Michael McClure: Introduction to 'Ghost Tantras,' the 2013 edition




Grah gooooor ! Ghahh ! Graaarr ! Greeeeer ! Grayowhr !





looking for sugar ! GAHHHHHHHH !




Many decades ago in San Francisco, lying on the couch, reading the newly written first Ghost Tantra [above] as it unveiled to my eyes and ears, I feel a ripple, maybe a shudder, of embarrassment and laugh at myself. Where is the beauty that I expect after my experience of that ball of silence promising me ninety-nine tantras to the goddess? I remember Robert Creeley’s admonition to believe in the experience of writing the poem. I look at the page again — it brings love looking for sugar! I know that there are to be ninety-eight more of these. I’m sure of it.
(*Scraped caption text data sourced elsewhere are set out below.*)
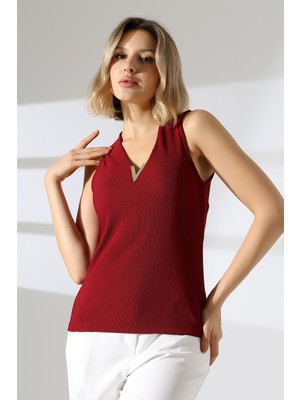 Lubiti Gold Aksesuarlı Kolsuz Bluz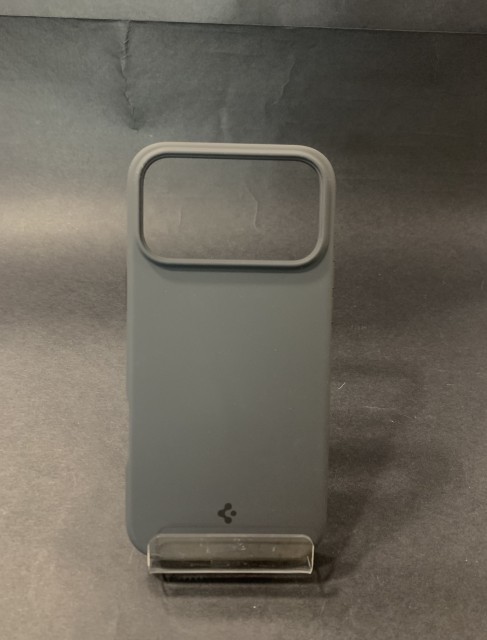Spigen Silicone Fit Кейс за iPhone 17 Pro Max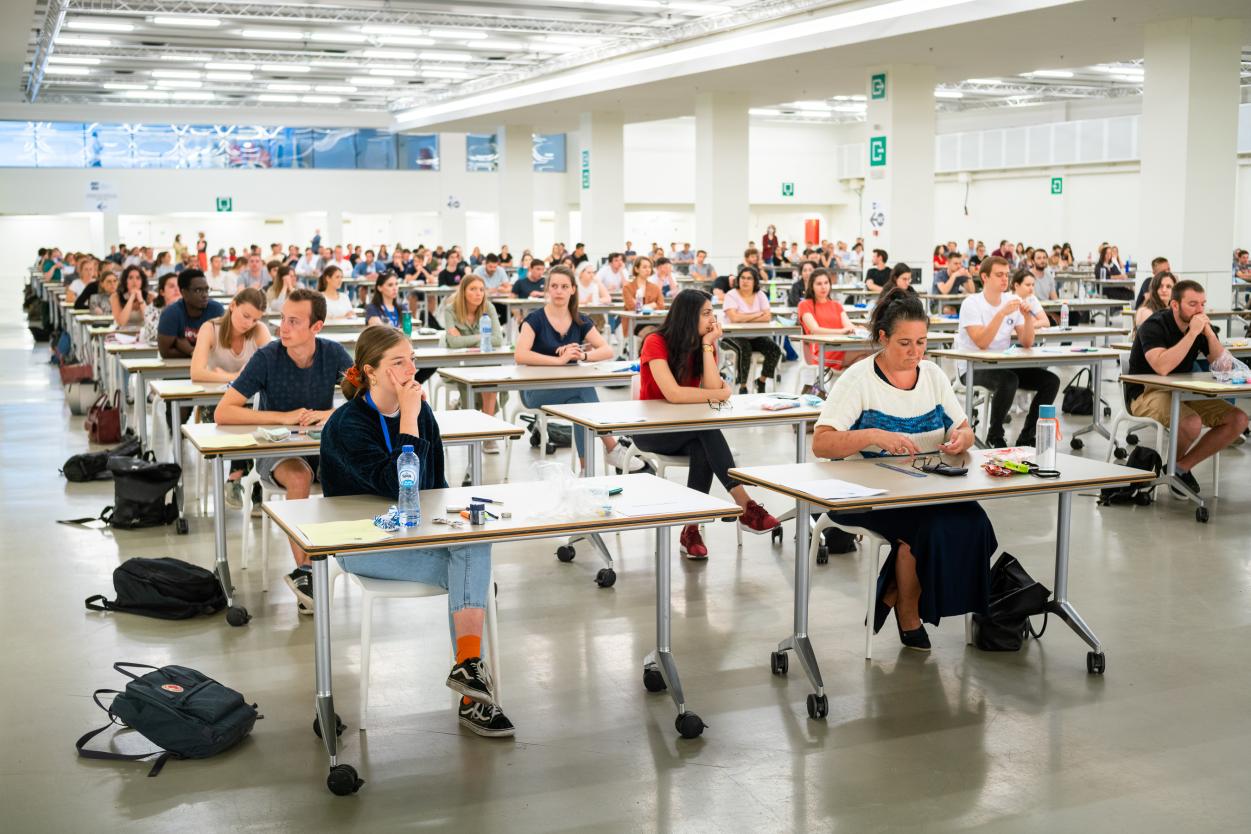 Studenten tijdens examen op Wekonekt Campus Square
          The next day Ghost Tantra 2 appears and speaks in “beast language” . . . the Tantra waves baby arms at me and gives me news of the great Tibetan poet Milarepa who is imprinting himself on the poem, becoming a “mystic experience” — and tells me that everything lies in front of me not in the past. Yes, it is a mystic experience and is my self-experience which can be laughable as easily as loaded with torment. Maybe some beauty that I do not expect will occur in a different guise or body or body of words. Next, Ghost Tantra 3 brings its own announcement with a cigar and cherries, and the sounds that begin to feel familiar — “grooooooooor yahh-yort gahhr.”

          Immediately afterward, Tantra 4 carries long howls, brings gardens with cool shadows, and sings of youth and liberation. Sounds of the molecular body account for the fifth Tantra. Tantra 8 has the rose and lily-lovely cheek of the goddess appearing. Belief is beginning to push the edge of dubiety back.

          Tantra 13 begins, “OH LOVELY LINE BETWEEN DAY AND DREAM.” I am “pleased and richly placid,” I am sentient and this flow of language seems to be conscious, and is its own being. Can these, in fact, bring changes to the universe, as tantras should do? I’m changing.

          Once comic books had words like “CLANG” and the ancient Greek poem says “KLANG.” Did Goethe write Faust or did Faust create Goethe?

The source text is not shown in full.